Po likwidacji ogólnopolskiego programu in vitro politycy PiS zamierzają zlikwidować także programy samorządowe. Wygląda na to, że w województwie łódzkim jedną z pierwszy decyzji radnych Prawa i Sprawiedliwości będzie właśnie wygaszenie wojewódzkiego programu in vitro, którego inicjatorem był radny SLD Piotr Bors.
"Oczywistym jest, że skoro mamy za sobą dopiero pierwszą sesję Sejmiku, to jeszcze tego nie zrobili. Ja jednak jestem więcej niż pewien, że to właśnie zrobią, najpewniej przy okazji uchwalania budżetu, czyli w styczniu. Przecież dokładnie ten sam mechanizm zastosowali, gdy w 2015 roku przejęli władzę w Polsce i wygasili rządowy program refundacji in vitro" - mówi Przewodniczący SLD w województwie łódzkim Tomasz Trela.
Z decyzją radnych PiS, którzy po wyborach samorządowych mają samodzielną większość w Sejmiku Województwa Łódzkiego, nie zgadzają się samorządowcy SLD i zapowiadają, że będą walczyć o program in vitro.
"Jeżeli ten program zostanie usunięty przez lokalnych polityków Prawa i Sprawiedliwości województwa łódzkiego, to niezwłocznie po tej decyzji rozpoczniemy zbiórkę podpisów pod obywatelskim projektem uchwały. Będziemy namawiać wszystkie mieszkanki i wszystkich mieszkańców województwa, aby pod tym apelem się podpisywali " - zapewnia Tomasz Trela.
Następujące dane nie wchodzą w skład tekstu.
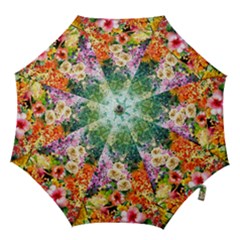 Forest Flowers  Hook Handle Umbrellas (medium) by ArtsyWishy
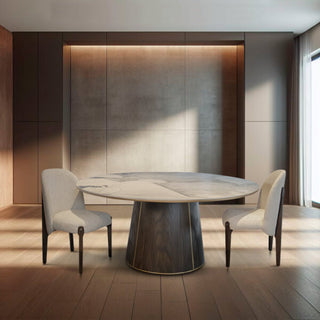 GALES Round Dining Table by Mubb - DEKOR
Wojewódzki program in vitro ruszył w lipcu, a na jego realizację samorząd województwa łódzkiego przeznaczył 200 tys. zł, co pozwoliło pomóc 39 parom. Pod koniec sierpnia samorządowcy SLD apelowali do Marszałka Województwa o zwiększenie funduszy przeznaczonych na program.